Final Score in Oakland: Athletics 2, Angels 1
Mike Trout looked lonely out there as the walk off single sailed into an empty outfield. Wonder if he feels that way in the Angels clubhouse?
Tied 1-1 in the bottom of the ninth inning, the Angels turned to Michael Kohn and he gave up a hit and walked two (one intentionally) and gave up another hit - the walk-off game winner. I don't know who hit it, some bearded Oakland Athletic - this team is like the faceless stadium rocker bands of the late 70s - Styx, Foghat, Journey, Foreigner, Kansas, Boston, Supertramp - they have the multi-platinum place in the standings but nobody can name the lead singer.
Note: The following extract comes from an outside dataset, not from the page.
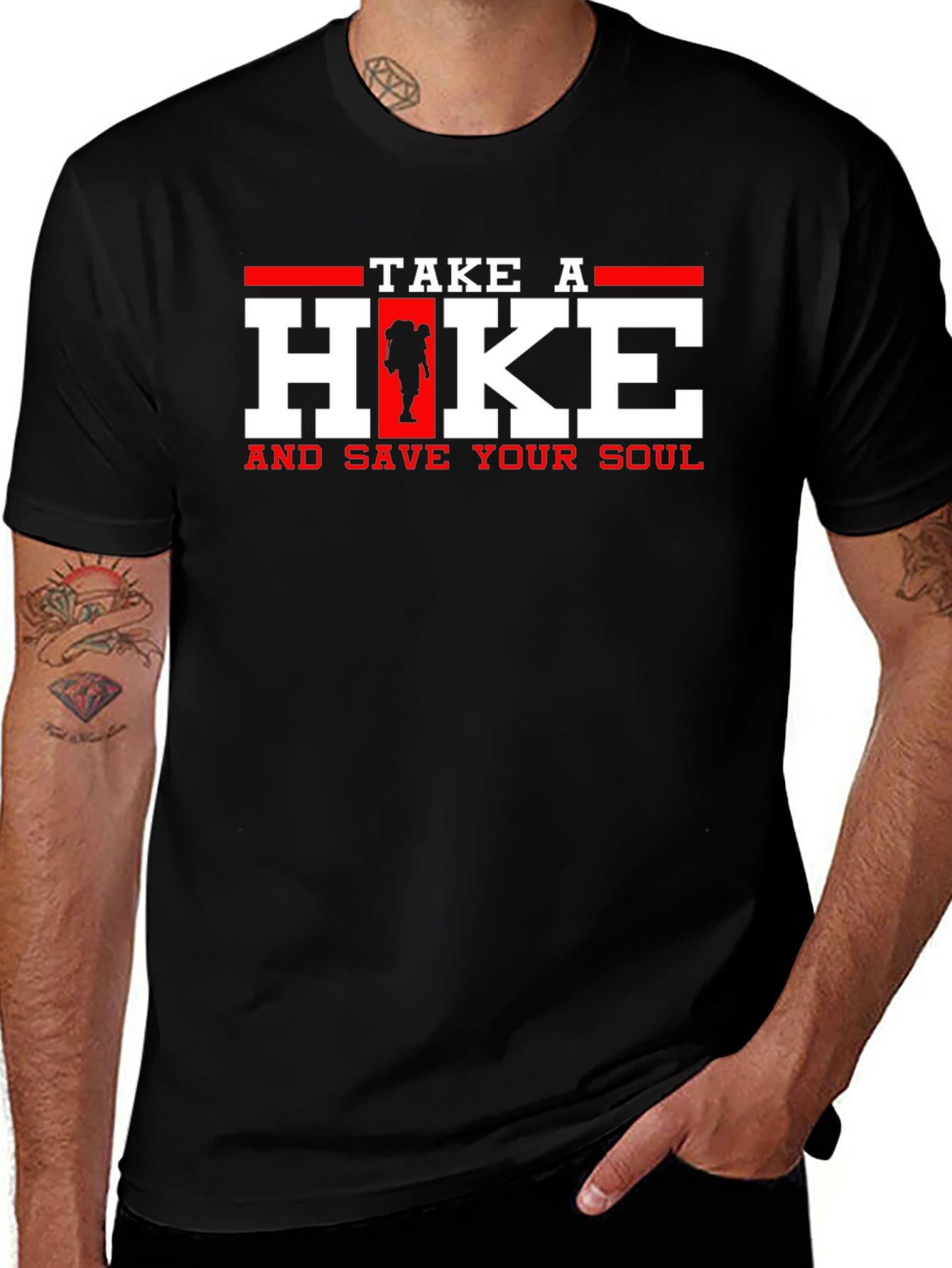 Take a Hike & Save Your Soul Graphic Tee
Anyway, it wasn't the worst game in history as the 2014 rotation got a boost - Garrett Richards pitched seven innings of one-run ball, scattering two walks and seven hits, but striking out six and leaving with the feeling that if signing Joe Blanton ends up costing Jerry Dipoto his job, ha ha so be it.
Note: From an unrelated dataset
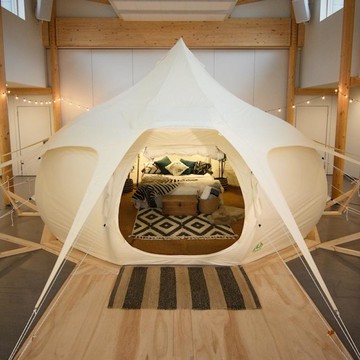 4.6米充氣蓮花帳篷 白色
But the bats were not the bats tonight. Hambone left six men on base on a 1 for 4 night, Howie struck out three times and even though Mike Trout hit a monster solo home run in the first, his 25th of the season (and he became the first player to ever hit that many and do this, that and the other, god every night another boring first time in history feat, yawn), he did strand three baserunners.
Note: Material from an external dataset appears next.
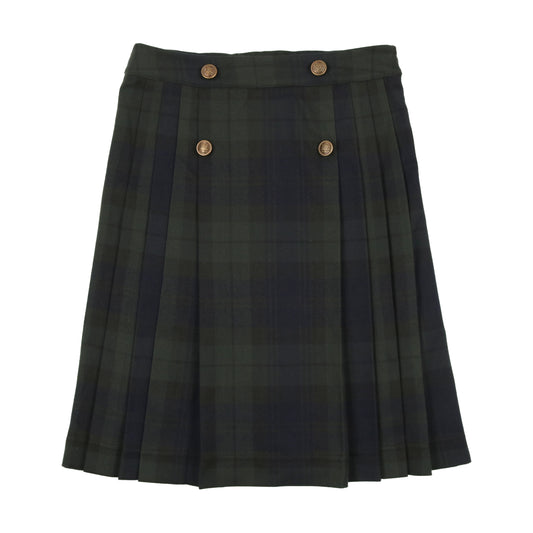 ANALOGIE FOREST PLAID PLEATED SKIRT [Final Sale]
If there was ever a perfect illustration of why Trout should bat leadoff it was apparent in the top of the ninth inning when the #1 and #2 hitters, J.B. Shuck and Howie Kendrick, each struck out. You want a great hitter to bat leadoff because it ensures he will get more Plate Appearances. So there was Trout, so near yet so far away, in the on deck circle and as useful there to the Angels as the Peanut Vendor in the O Colleseum cheap seats.